Altered voiding Flashcards
Mechanisms which normally prevent reflux of urine into the kidey
Vesicourethral angle
Urinary sphincters
Storage lower urinary tract symptoms
Incontinence
Urgency
Frequency
Nocturia
Voiding lower urinary tract symptoms
Poor stream Hesitance Dysuria Intermittency Terminal dribbling
Management for voiding (obstructive) urinary symptoms
Conservative: advice, behaviour modification
Medical: alpha blockers, 5-alpha reductase inhibitors (inhibits testosterone, reduces prostate size. Common cause of symptoms in men)
Management for storage urinary symptoms
Conservative: advice e.g. drink less coffee, reduce fluid load, bladder retraining, pelvic floor exercises
Medical: alpha blockers, anticholinergics, beta3 agonists
Types of urinary incontinence
Stress incontinence Urge incontinence Overflow incontinence Functional incontinence Continuous incontinence
Stress incontinence
Involuntary urine leakage on effort or exertion e.g. coughing. Rise in intrapelvic pressure leads to leakage because of poor sphincter resistance.

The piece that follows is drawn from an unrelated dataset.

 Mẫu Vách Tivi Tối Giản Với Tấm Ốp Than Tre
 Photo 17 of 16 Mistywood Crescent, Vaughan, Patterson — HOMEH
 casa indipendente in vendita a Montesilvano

Common in middle aged females, after child breaking bladder neck is hypermobile
Treat with pelvic floor exercises, topical oestrogens or surgery
Urge incontinence
Involuntary urine leakage accompanied or immediately preceeded by urgency. Abrupt desire to void cannot be controlled.
Commonest in >75
Can be due to infection, tumour, stones, stroke, dementia
Treatments include bladder retraining, avoiding stimulants, can use anticholinergics, b3 agonists or botox. Surgery
Overflow incontinence
Prolonged problems with bladder emptying lead to detrusor failure and chronic retention. Pressure eventually rises due to overdistension of the tissue, causing leakage. Normally occurs at night
Treat by restoring bladder emptying e.g. intermittent self-catheterisation, long term catheter, surgical treatment of obstruction.
Functional incontinence
Incontinence due to cognitive impairment or mobility problems that prevent use of the toilet. Bladder function is normal.
Continuous incontinence
Leakage occurs continuously. Is not related to bladder sensation or other events.
Due to a fistula between the urinary tract and skin, duplex kidney where the ureter inserts below the external sphincter, stoma bag.

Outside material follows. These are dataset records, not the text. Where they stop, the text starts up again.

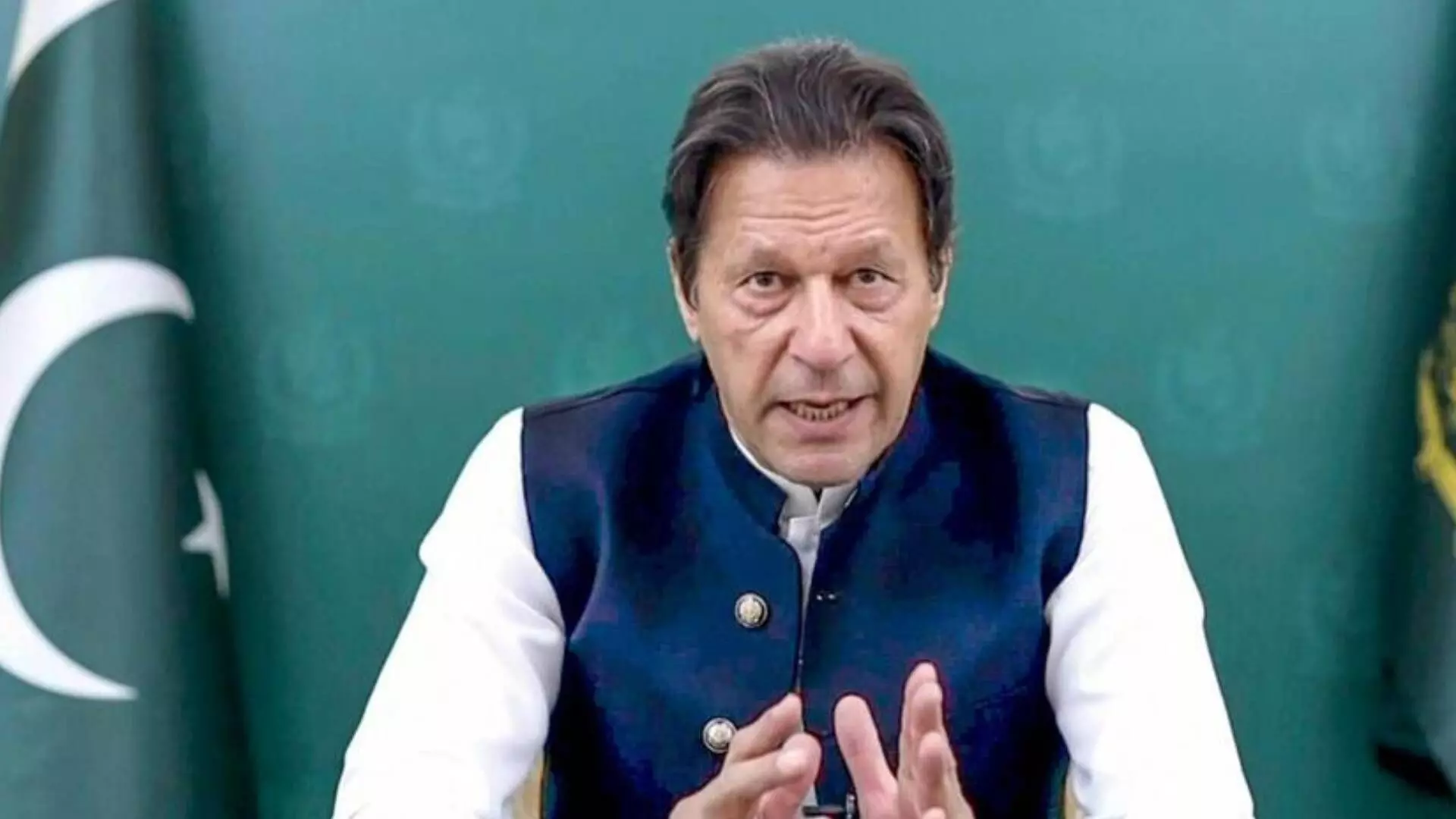 पाकिस्तानमध्ये निवडणूक: इम्रान खान यांच्या निर्णयाने राजकीय संकट…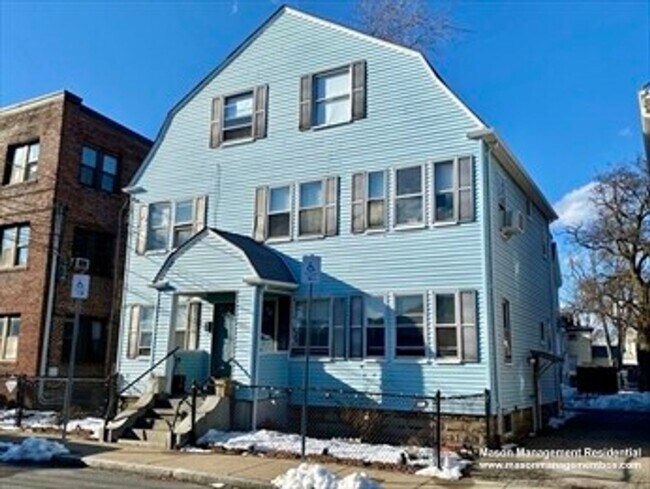 Foto del edificio - Awesome five bed. near Masspike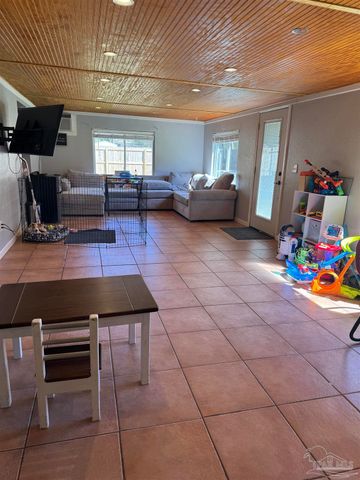 4400 Mundy Ln, Pace, FL 32571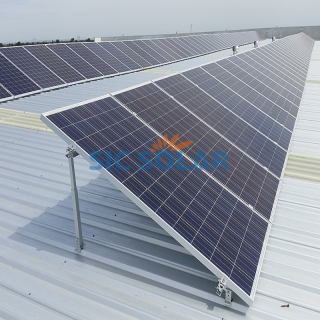 Adjustable flat roof solar mounts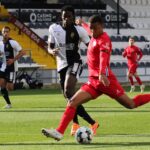 Sul Informação - Farense regressa às vitórias e foge aos lugares de descida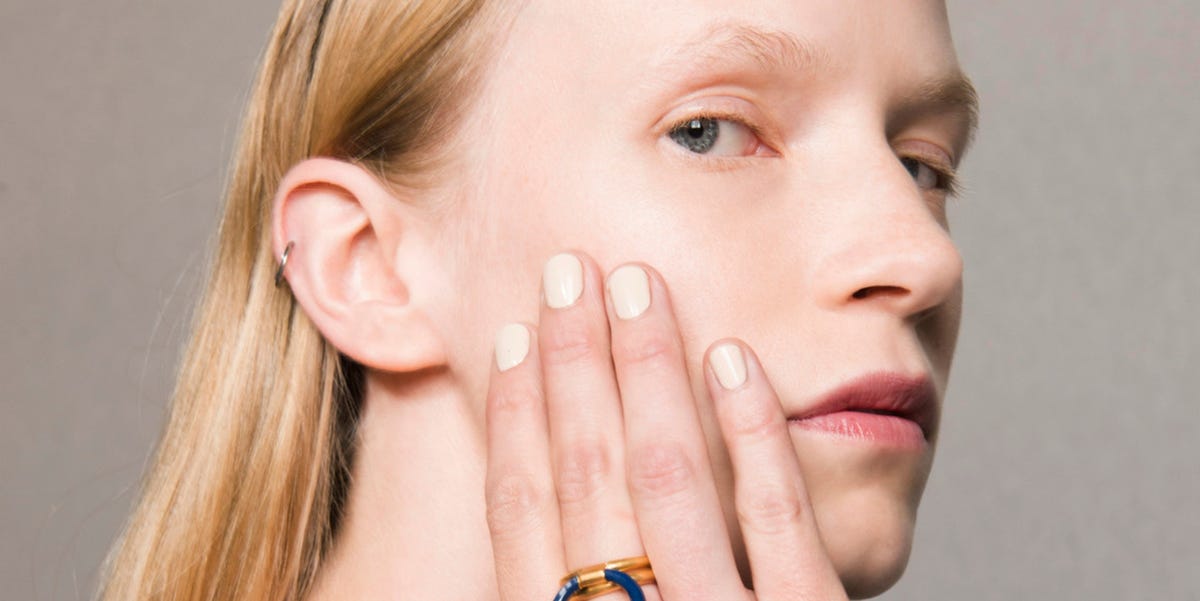 La crema Nivea de lata azul es muy eficaz para cuidar las uñas y las cutículas después de la manicura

Treatment requires surgery to fix the underlying cause
How does outflow tract obstruction affect detrusor activity and voiding
Outflow tract obstruction results in an under active detrusor muscle. Results in overflow incontinence.
Describe the techniques of urodynamics
Assess the function of the bladder and urethra. Recommened if LUTS are persistent.
Frequency volume charts for 24 hrs
Urinary flow rate: measures the quantity voided per unit time.
Post-void residual measurement:
Pressure-flow study
Urodynamic assessment
Catheter passed into the bladder and a transducer to the rectum. Bladder if filled with fluid and the pressure in the bladder and rectum are recorded. The difference between them tells you the detrusor pressure. The catheter is then withdrawn and the urine flow rate is measured with detrusor pressure.
High pressure and low flow rate indicates obstruction
Spontaneous increases in pressure indicate hyperactivity.
Increase in pressure at the end of filling indicates poor compliance. Causes urge incontinence when the bladder is full.
Rise and fall in pressure during filling is caused by detrusor instability.